• What you are asked to do: Give the listing again in full and exactly, apart from its pictures.

• Data extract:
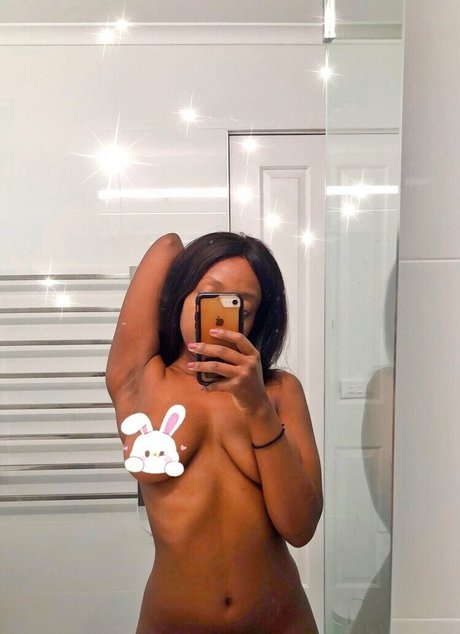 Goddessmyra xxx model pictures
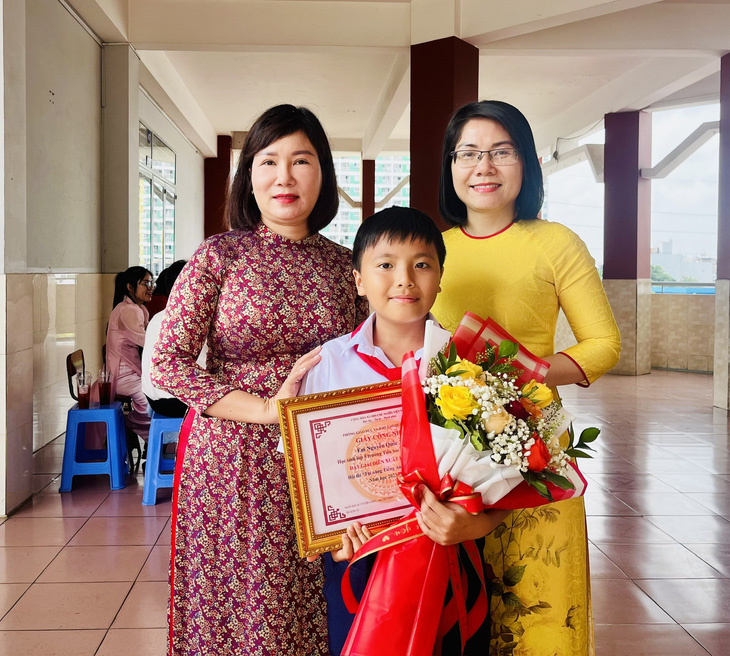 Em Nguyễn Anh Tuấn bên thầy cô khi nhận giấy khen cho cá nhân có diễn xuất hay nhất từ hội thi - Ảnh: MỸ DUNG 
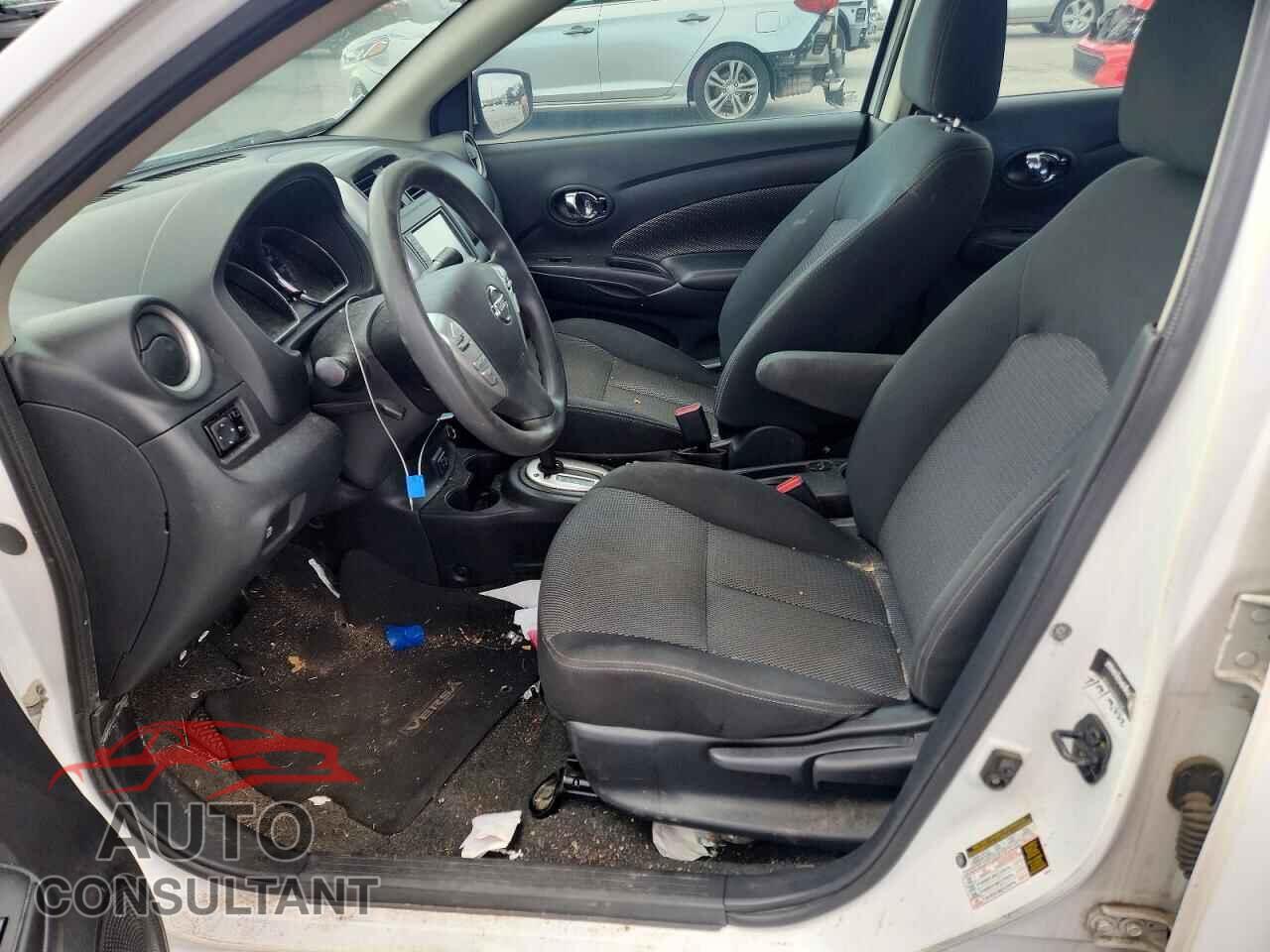 NISSAN VERSA 2019 - 3N1CN7AP3KL802537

• Your solution:
 Goddessmyra xxx model pictures
 Em Nguyễn Anh Tuấn bên thầy cô khi nhận giấy khen cho cá nhân có diễn xuất hay nhất từ hội thi - Ảnh: MỸ DUNG 
 NISSAN VERSA 2019 - 3N1CN7AP3KL802537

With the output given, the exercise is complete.